Rompre avec le djihadisme
Le nouveau pouvoir, dominé par le groupe islamiste radical Hayat Tahrir al-Sham (HTS), affirme avoir rompu avec le djihadisme. Une évolution saluée avec prudence par la diplomate européenne :
Bien sûr, on a le droit de ne pas y croire. Mais il est important de ne pas abandonner la Syrie au moment où elle en a le plus besoin. Aidons-la, mais sans être naïfs.

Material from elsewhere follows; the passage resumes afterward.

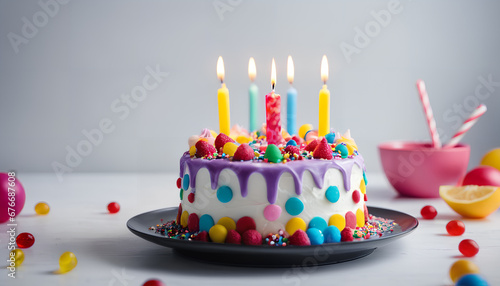 Birthday pound cake adorned with colorful sprinkles. A festive and delightful dessert perfect for adding joy to any celebration  Generative AI.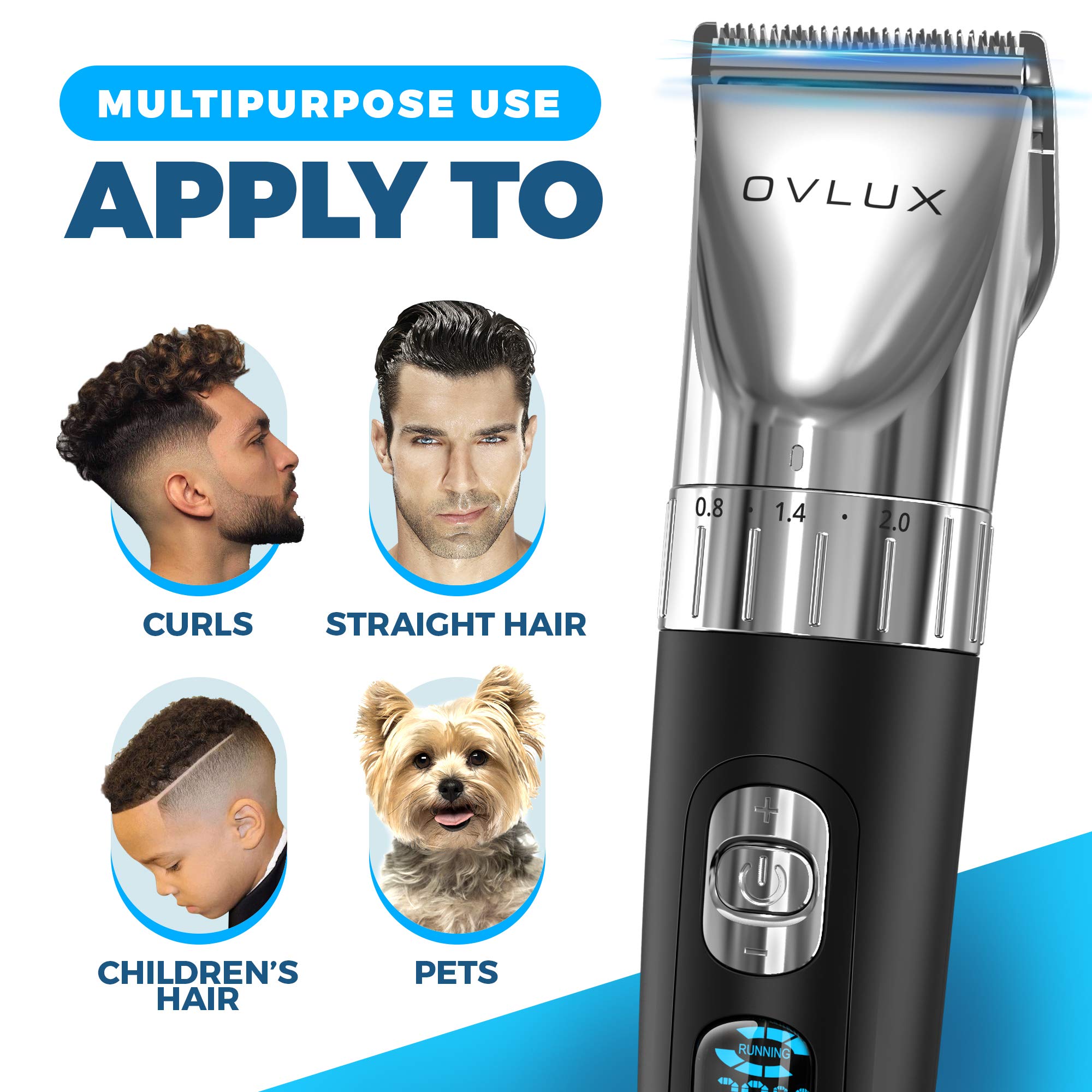 OVLUX Advanced Hair Clipper Kit - Versatile Corded/Cordless Use, Ergonomic with LED Display, Sharp Stainless Steel Blades, Perfect for Men’s Hair & Beard Styling, includes 4 Guide Combs & Accessories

Une aide humanitaire d’urgence
En gage de bonne volonté, Hadja Lahbib a annoncé le déblocage d’une aide humanitaire d’urgence de 235 millions d’euros pour la Syrie et ses voisins. Une enveloppe destinée à couvrir les besoins de base d’une population éreintée par une décennie de guerre et des années de répression brutale :
- Eau potable
- Alimentation
- Logement d’urgence
La commissaire européenne a aussi rencontré des représentants de la société civile syrienne qui ont « beaucoup d’attentes » mais « veulent y croire ». Un optimisme fragile qu’il faudra entretenir par des réformes rapides, au risque de voir la contestation repartir de plus belle.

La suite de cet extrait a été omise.